A Rádio Diário passava por momentos conturbados em virtude de uma virada no comando interno da emissora. Essa mudança, ocorrida no final de dezembro de 83, provocou a demissão de companheiros (uns 30), que integravam vários departamentos (produção, programação, repórteres, locutores e operadores). O setor de esportes, com 20 profissionais, foi reduzido para 8, exatamente quando assumi o comando do setor.
A rádio tinha tradição em acompanhar os times do ABC e, com ou sem crise, iria transmitir os jogos do Santo André no Brasileirão. Até o dia 10 de janeiro, 19 dias antes da estréia do time na Bahia, o esporte não contava sequer com um patrocinador para "cacifar" a empreitada. Situação que impediria o deslocamento da equipe e, consequentemente, o cancelamento da primeira transmissão externa da emissora. Mas, a luz no final do túnel clareou e dois iluminados patrocinadores surgiram quase no apagar das luzes. Casas Bahia (sim, a sempre presente Casas Bahia, do solidário Samuel Klein), e as Lojas A Esportiva (da família Silvio Duarte, tradicional na região) patrocinaram a transmissão. De acordo com os recursos e condições da época escalamos a equipe que iria até Alagoinhas acompanhar o jogo do Santo André: Rolando Marques (narrador), o gaúcho Jurandir Martins (repórter) e o comentarista Oswaldo Lavrado - que não por acaso sou eu - estava de bom tamanho.
Embarcamos num vôo da Varig das 2h da madrugada (que à época ainda saia de Congonhas). Os bilhetes para viagens noturnas ofereciam um desconto de 20% e, como éramos um trio, a economia foi considerável. A viagem, com uma escala de quase 2h, no Galeão, no Rio de Janeiro, durou 3h30. Desembarcamos em Salvador por volta das 7h30 da manhã. No aeroporto 2 de Julho (atual Carlos Eduardo Magalhães), nos aguardava o gerente de esportes do Santo André, Roberto Nasser Bartoli, o Turcão, que hoje ocupa o cargo de diretor do Departamento de Lazer da Prefeitura de Santo André. Ao grupo, juntou-se o jornalista Divanei Guazzeli, enviado especial do Jornal Diário do Grande ABC, que faria a cobertura do jogo. Aboletados num táxi reservado pelo Turcão percorremos, num calor de quase 40 graus, a interminável avenida beira-mar de Salvador até a Praça Castro Alves, onde desembarcamos em uma garagem de ônibus da empresa Catuense, de propriedade do empresário Antônio Pena, magnata do transporte coletivo na Bahia e presidente da Catuense, time que o Santo André enfrentou em Alagoinhas.
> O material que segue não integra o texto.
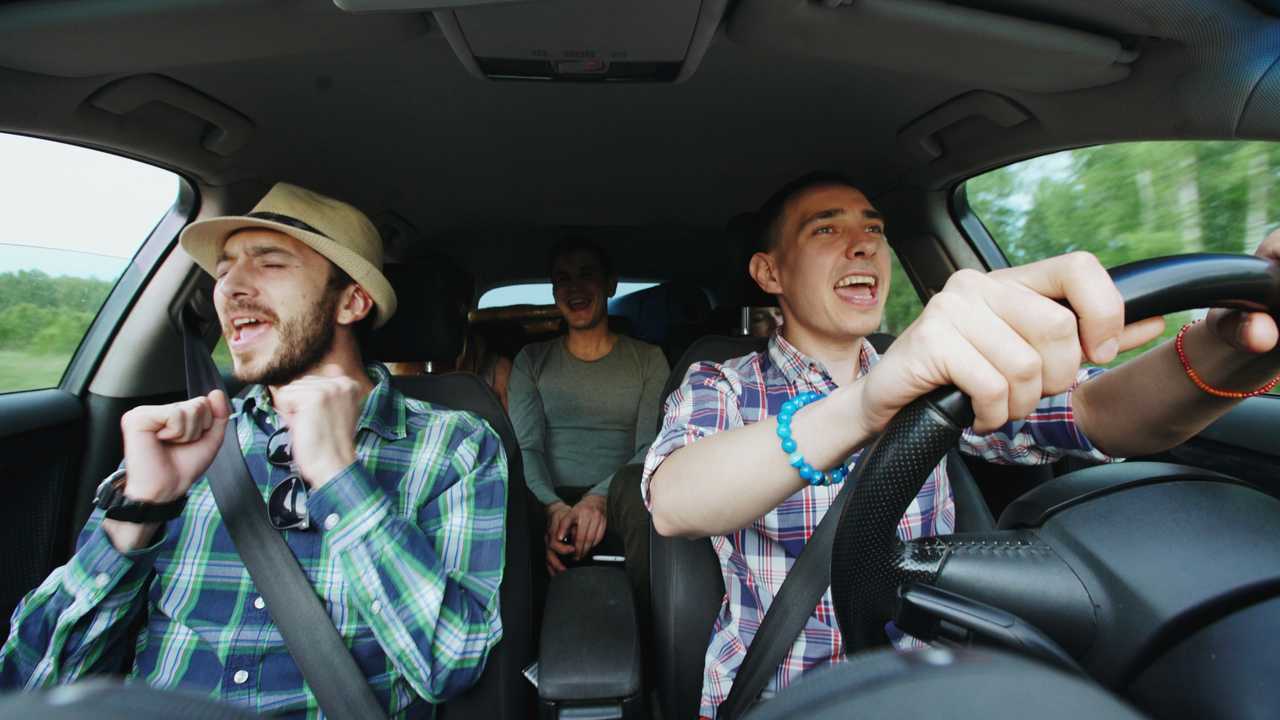 Men in car singing while driving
Num ônibus meia-boca embarcamos eu, o Rolando e o Divanei. O Turcão e o Jurandir Martins, mais espertos enfrentaram de carro os 100 quilômetros da precária estrada que liga Salvador a Alagoinhas. Pior que a rodovia foi a via sacra no ônibus. Como era um sábado, tipo 12h, o coletivo parava onde havia alguém para embarcar (uma árvore ou um raro poste faziam a vez de uma parada convencional de ônibus). Crianças, adolescentes, adultos, sacos de farinha, um cão, um porco, algumas galinhas e uma cabra completavam a, para nós, inusitada carga do coletivo. Um calor infernal. A capacidade de 60/80 pessoas do ônibus pulou para 100 ou mais. No percurso, apenas as cidades de Camaçari (pólo petroquímico baiano) e a pequena Catu, que não possuía estádio, dai a Catuense jogar no município vizinho.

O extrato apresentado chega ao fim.